EXERCISE DETAILS: Give back the data exactly, with no images.

INFORMATION PROVIDED:
- - - - -

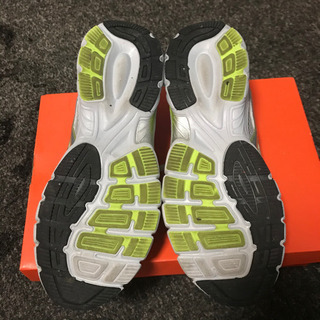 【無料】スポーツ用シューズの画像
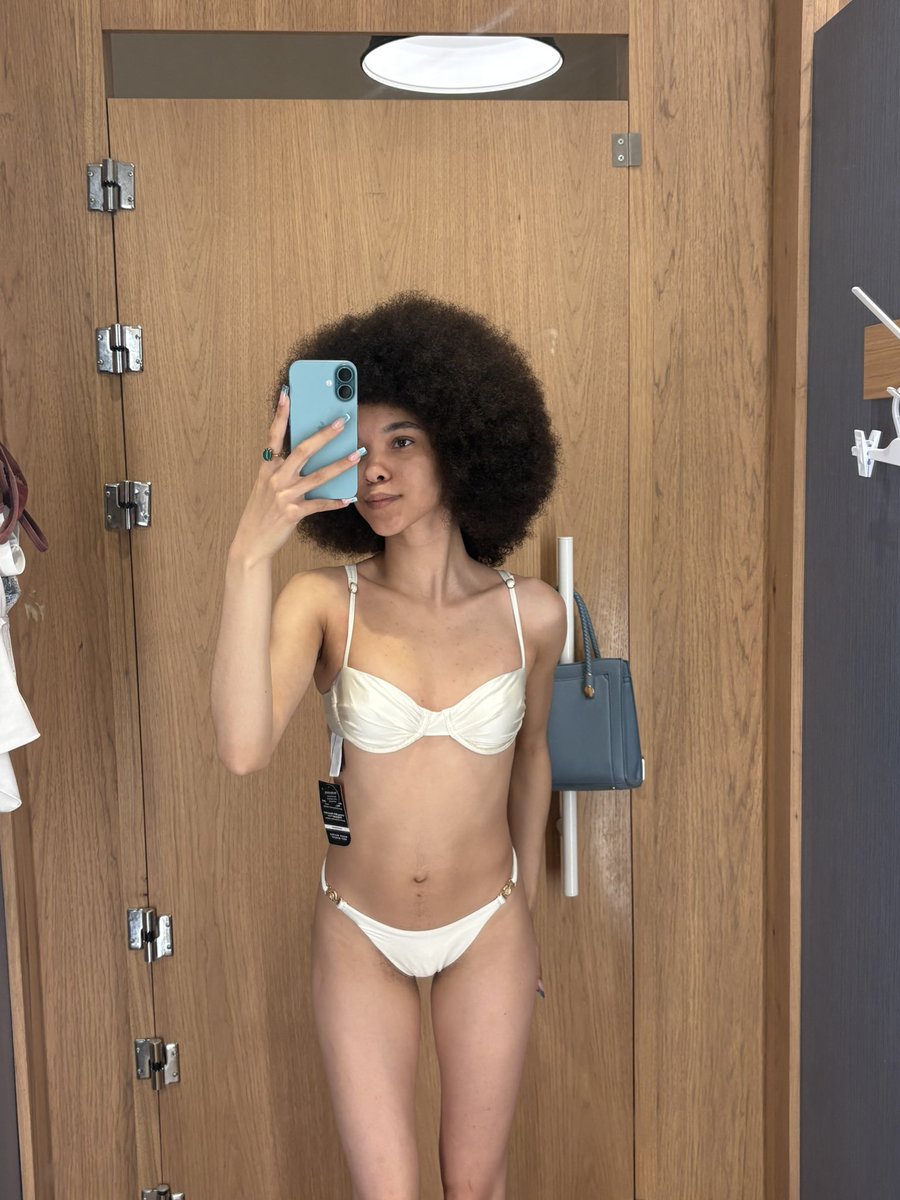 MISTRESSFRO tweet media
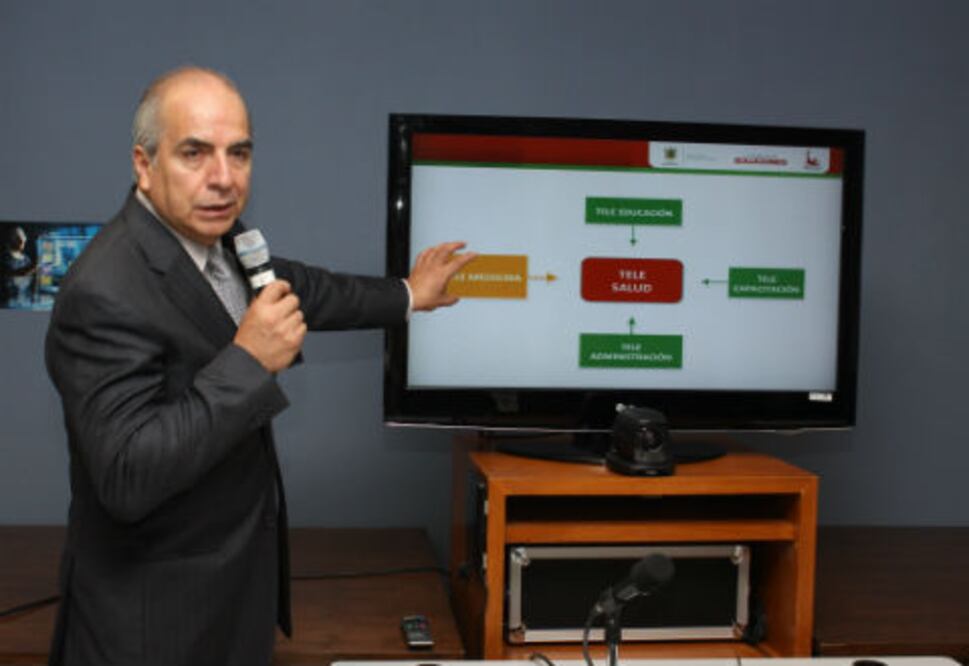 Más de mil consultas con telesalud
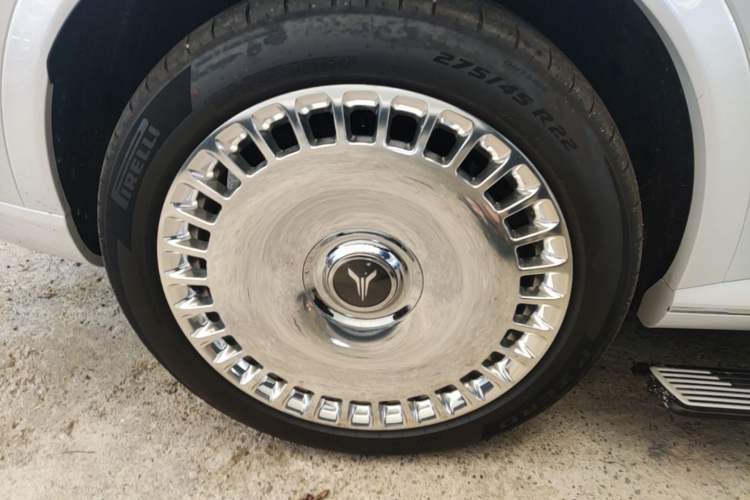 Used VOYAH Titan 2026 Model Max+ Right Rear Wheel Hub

- - - - -

ANSWER SPACE:
 【無料】スポーツ用シューズの画像
 MISTRESSFRO tweet media
 Más de mil consultas con telesalud
 Used VOYAH Titan 2026 Model Max+ Right Rear Wheel Hub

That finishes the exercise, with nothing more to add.